[networking] Add proxy_client_cert, proxy_verify and legacy_proxy_ssl_support options

test/test_http_proxy.py

@@ -19,6 +19,8 @@ from yt_dlp.dependencies import urllib3
 from yt_dlp.networking import Request
 from yt_dlp.networking.exceptions import HTTPError, ProxyError, SSLError
 
+MTLS_CERT_DIR = os.path.join(TEST_DIR, 'testdata', 'certificate')
+
 
 class HTTPProxyAuthMixin:
 
@@ -135,6 +137,21 @@ class HTTPSProxyHandler(HTTPProxyHandler):
         super().__init__(request, *args, **kwargs)
 
 
+class MTLSHTTPSProxyHandler(HTTPProxyHandler):
+    def __init__(self, request, *args, **kwargs):
+        certfn = os.path.join(TEST_DIR, 'testcert.pem')
+        cacertfn = os.path.join(MTLS_CERT_DIR, 'ca.crt')
+        sslctx = ssl.SSLContext(ssl.PROTOCOL_TLS_SERVER)
+        sslctx.verify_mode = ssl.CERT_REQUIRED
+        sslctx.load_verify_locations(cafile=cacertfn)
+        sslctx.load_cert_chain(certfn, None)
+        if isinstance(request, ssl.SSLSocket):
+            request = SSLTransport(request, ssl_context=sslctx, server_side=True)
+        else:
+            request = sslctx.wrap_socket(request, server_side=True)
+        super().__init__(request, *args, **kwargs)
+
+
 class HTTPConnectProxyHandler(BaseHTTPRequestHandler, HTTPProxyAuthMixin):
     protocol_version = 'HTTP/1.1'
     default_request_version = 'HTTP/1.1'
@@ -178,6 +195,23 @@ class HTTPSConnectProxyHandler(HTTPConnectProxyHandler):
         self.server.close_request(self._original_request)
 
 
+class MTLSHTTPSConnectProxyHandler(HTTPConnectProxyHandler):
+    def __init__(self, request, *args, **kwargs):
+        certfn = os.path.join(TEST_DIR, 'testcert.pem')
+        cacertfn = os.path.join(MTLS_CERT_DIR, 'ca.crt')
+        sslctx = ssl.SSLContext(ssl.PROTOCOL_TLS_SERVER)
+        sslctx.verify_mode = ssl.CERT_REQUIRED
+        sslctx.load_verify_locations(cafile=cacertfn)
+        sslctx.load_cert_chain(certfn, None)
+        request = sslctx.wrap_socket(request, server_side=True)

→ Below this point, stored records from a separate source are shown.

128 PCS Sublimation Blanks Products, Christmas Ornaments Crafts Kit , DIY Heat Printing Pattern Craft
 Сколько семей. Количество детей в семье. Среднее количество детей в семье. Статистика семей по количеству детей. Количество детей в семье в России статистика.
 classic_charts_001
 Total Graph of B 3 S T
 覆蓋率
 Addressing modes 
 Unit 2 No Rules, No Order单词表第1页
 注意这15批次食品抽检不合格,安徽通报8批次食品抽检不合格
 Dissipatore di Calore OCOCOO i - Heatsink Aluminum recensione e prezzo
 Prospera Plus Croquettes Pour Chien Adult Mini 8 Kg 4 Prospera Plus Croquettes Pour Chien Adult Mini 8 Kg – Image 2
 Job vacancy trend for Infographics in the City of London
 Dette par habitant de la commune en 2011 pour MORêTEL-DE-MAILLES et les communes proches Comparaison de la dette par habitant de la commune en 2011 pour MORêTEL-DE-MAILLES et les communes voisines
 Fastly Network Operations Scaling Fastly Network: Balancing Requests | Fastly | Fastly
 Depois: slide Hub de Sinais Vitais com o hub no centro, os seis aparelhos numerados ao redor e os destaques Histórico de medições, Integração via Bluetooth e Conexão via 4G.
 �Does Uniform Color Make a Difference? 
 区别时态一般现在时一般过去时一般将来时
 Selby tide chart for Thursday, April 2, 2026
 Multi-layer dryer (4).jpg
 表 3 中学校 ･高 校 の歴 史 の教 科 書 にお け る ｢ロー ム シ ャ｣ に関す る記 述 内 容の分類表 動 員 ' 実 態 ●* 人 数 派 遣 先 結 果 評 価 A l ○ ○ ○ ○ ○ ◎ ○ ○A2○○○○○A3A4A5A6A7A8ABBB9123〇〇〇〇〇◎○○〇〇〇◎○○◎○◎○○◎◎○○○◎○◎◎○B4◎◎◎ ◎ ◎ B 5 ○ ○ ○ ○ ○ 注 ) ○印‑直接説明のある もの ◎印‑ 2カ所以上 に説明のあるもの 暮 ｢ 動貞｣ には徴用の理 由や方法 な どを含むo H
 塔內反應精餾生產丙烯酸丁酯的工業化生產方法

+        self._original_request = request
+        super().__init__(request, *args, **kwargs)
+
+    def do_CONNECT(self):
+        super().do_CONNECT()
+        self.server.close_request(self._original_request)
+
+
 @contextlib.contextmanager
 def proxy_server(proxy_server_class, request_handler, bind_ip=None, **proxy_server_kwargs):
     server = server_thread = None
@@ -285,7 +319,7 @@ class TestHTTPProxy:
     @pytest.mark.skip_handler('Urllib', 'urllib does not support https proxies')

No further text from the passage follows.